Ничего этого она могла бы и не говорить. Понял Минька – слышала всё. Стенки-то тонкие… Кивнул только и в душ побежал, догонять пацанов.


После полдника с третьим отрядом играли. Болеть за них даже девчонки пришли с Марь Кирилловной. Визжали так, что физрук Юрий Арсеньевич, судья, им, дурёхам, замечание сделал… Всё равно у третьего выиграли! Прямо на последних минутах. Всё по нулям было, а тут Миньке так ловко мяч передали, он и забил! Прямо в угол ворот попал, вратарь ихний, из третьего, даже ахнуть не успел, во как! Ну, тут они разозлились, из третьего, стали их ворота атаковать. А там Гринька. А у него – реакция! Два мяча поймал, а третий забить уж защитники не дали. И свисток! Всё!
Прямо на поле обнимались и прыгали… И девчонки выскочили, и Марь Кирилловна…
До ужина только и разговоров об этом матче было. Из третьего отряда все  злые ходили. На матч-реванш набивались. А Костя сказал:
- Ещё потренируемся и реванш выиграем!

После ужина они в кино собирались. Татьяна Дмитриевна приехала и  кино привезла. «Служили два товарища». Гринька уже видел, а Минька ещё не успел.
- Классное кино! – сказал Гринька. – Там, знаешь…
- Ну, не рассказывай! Неинтересно же будет! – запротестовал Минька.
Вот тут как раз Костя и вошёл.
- Малышев! Гриша, вот тебе тут прислали… Татьяна Дмитриевна привезла. От матери.
И протягивает пакет огромный бумажный…
Гришка покраснел, заулыбался…. Пакет открыл. А там  и ириски, и леденцы «Барбарис», и печенье… А на самом дне – футболка,  новая,  белая… И «треники» тоже новые, темно-синие.
- Мамка работает… Не могла приехать, - радостно говорил Гринька, угощая всех конфетами и печеньем.
- Я ж тебе говорил, - засовывая в рот сразу две ириски, сказал Минька. – Говорил я тебе…
«Это моя мама молодец, - думал он, - и Татьяна Дмитриевна -  тоже…".
И футболку, и «треники» он узнал. Мама в запас покупала. Говорила:  «Пусть пока лежат, а то на нём прямо горит всё…». Это про него, Миньку. Вот, пригодились. И конфеты-то знакомые. Он только вчера сам такими же всех угощал.

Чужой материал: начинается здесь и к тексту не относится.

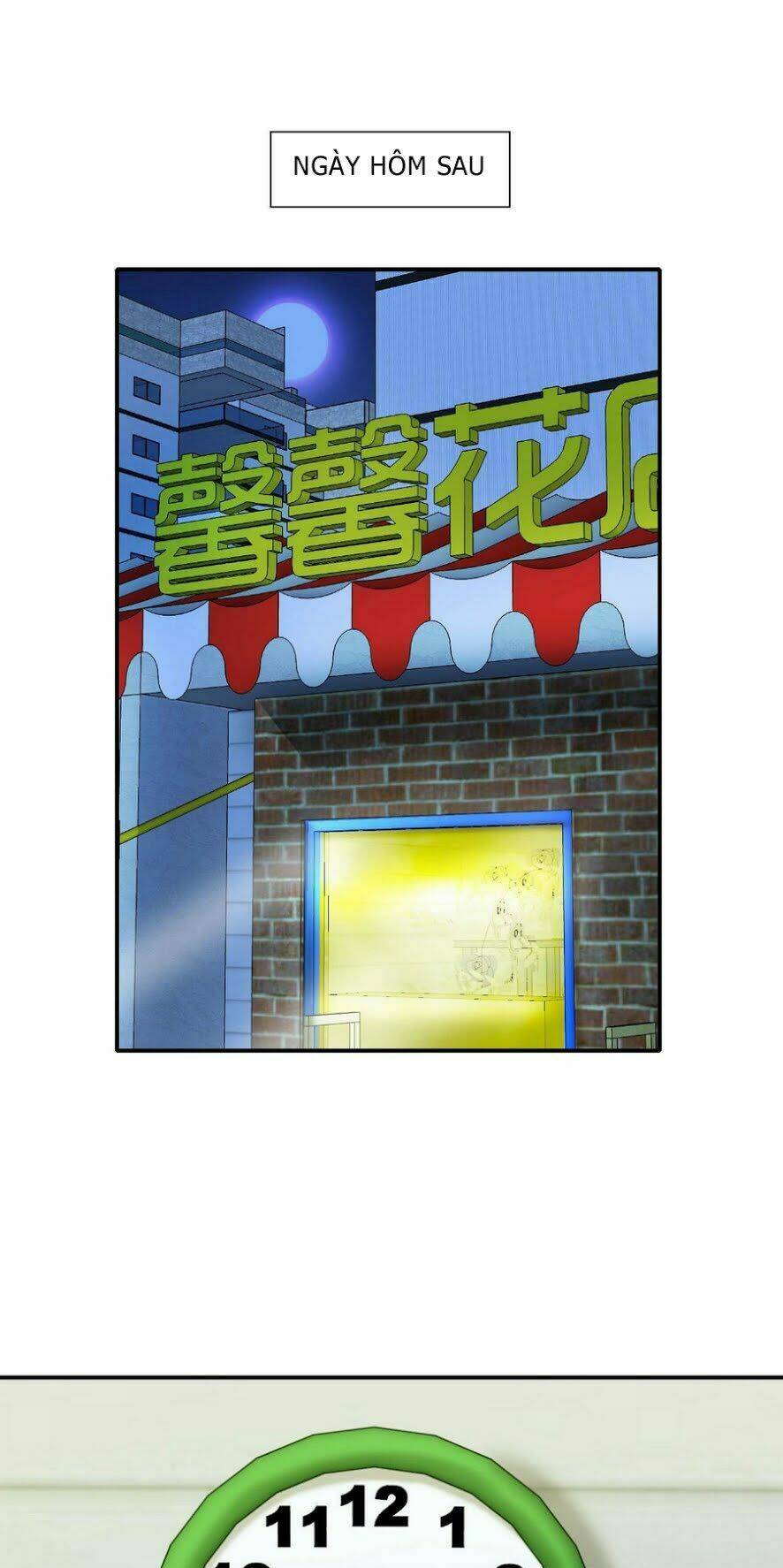 hộ hoa cao thủ tại đô thị chapter 26 19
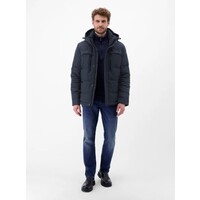 Lerros Outdoorjack Blue Night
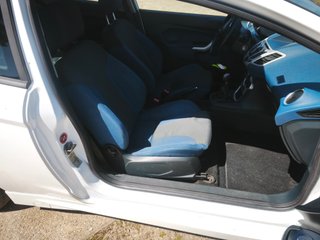 Ford Fiesta 2010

Смена пролетела быстро. Реванш с третьим отрядом они снова выиграли, а вот второму продули… Ну, там и ребята уже почти взрослые, не так и стыдно.

Готовились к закрытию смены. Говорили, что будет карнавал, будут призы за костюмы. Минька с Гринькой решили, что на карнавале будут пиратами. Старые тельняшки им Минькин отец  привёз, сохранились ещё,  когда служил. Насчёт косынок с девчонками договорились. Ножи деревянные Костя обещал помочь выточить. Краски  (усы нарисовать) в пионерской комнате выпросили. Короче говоря, всё было почти готово.
- А давай за орехами смотаемся, - предложил Гринька.- Смена прошла почти, а ещё и не ходили ни разу…
- А не попадёт? - поинтересовался Минька. – Не хватятся?
- Не… Сейчас все вон к закрытию готовятся. Не до нас. Да мы быстро. Я же место знаю…
Они бегом  пересекли территорию лагеря, и подошли к укромному уголку возле изгороди, почти сплошь заросшему крапивой и ещё какой-то высокой травой, названия которой Минька не знал.
Крапиву Гринька примял ногами, хотя и охал и вскрикивал.
- Жжётся… Чёрт! Никто не ходил, значит, не знают… Во-от он, лазик-то…
Он отодвинул одну из досок, и оказалось, что пролезть в лаз довольно-таки непросто даже пустыми, а как потом, когда с орехами?
- Ничо… Пролезем как-нибудь… Много набирать не будем… - утешил Гринька.
Царапаясь о кусты и какие-то колючки, выбрались к кустам орешника.
- Ещё неспелые… - Минька разжевал зелёную, чуть подсохшую самую верхнюю оболочку ореха. Сам орех был только слегка коричневатым и мягким.
- Потому и не ходили… - задумчиво сказал Гринька.- А то бы тут уже ничего не было. Ладно, маленько наберём, и пошли…
Орехи рассовали по карманам, и пошли обратно. Еле пролезли, хоть орехи выбрасывай!
- Про лаз не говори никому. В следующую смену уже спелые будут, - учил Гринька.
- Я в следующую, может, не поеду, не знаю пока, - отвечал  Минька. – Я ещё у родителей не спрашивал.
- А я поеду… - вздохнул Гринька. - Я всегда на все три смены езжу…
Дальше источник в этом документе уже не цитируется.